Sunday, January 14, 2018
Graffiti can inspire a great deal of debate and certainly emotion, but this post is not about that. I am no fan of graffiti, nor do I consider it art. I consider it a sign of defiance and here in Athens there are masterful works of defiance!
While I am no expert on the subject, the amount of graffiti found in a society can often be linked to the discontent of the people and Greece has gone through a terrible period over the last few years when decades of poor governance resulted in the near collapse of the modern Greek economy and threatened their status in the European Union. The people lost pensions, jobs and in some cases their lives. Graffiti is a way to protest that gives voice to those who have no standing, lack economic or social means to intervene in the public debate, need a platform from which to scream and wish to do so without retribution.
The graffiti in Athens screams out from every corner that the people here are or have been through very tough times.

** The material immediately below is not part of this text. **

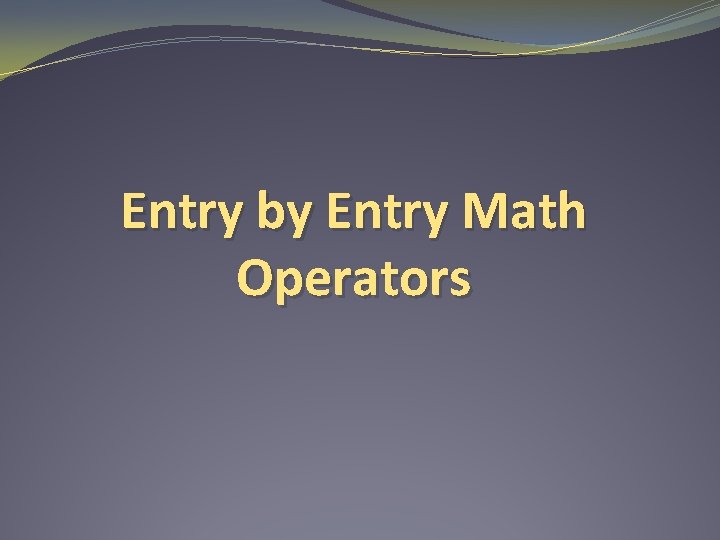 Entry by Entry Math Operators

Some rather majestic examples (including some that appear closer to art than opposition and rebellion) are below.
The street below is not atypical, although a local mentioned to me that this area is highly volatile still (and there are plenty of armed police on the streets in riot gear, despite the quiet in the area).
I can’t read any of this but this piece below looks to be more advertising than political statement, and this is easy to look at. Another piece just down the street from this one was a beautiful piece of art for a writing store, of a fountain pen on paper with the store name on it. I didn’t take a picture because, despite its beauty, it clearly wasn’t graffiti, it was advertising.
Again, below is a typical street in this area where most storefronts have been marked up with something. Sometimes you see the work repeated (suggesting true marketing of a movement or idea), but most appear random markings to my eye.
Finally we see this grouping. It caught my eye, because the resistance idea is very clear in the image, and this area (just North) had plenty of police stationed in riot gear suggesting there is a great deal of discontent in this part of Athens.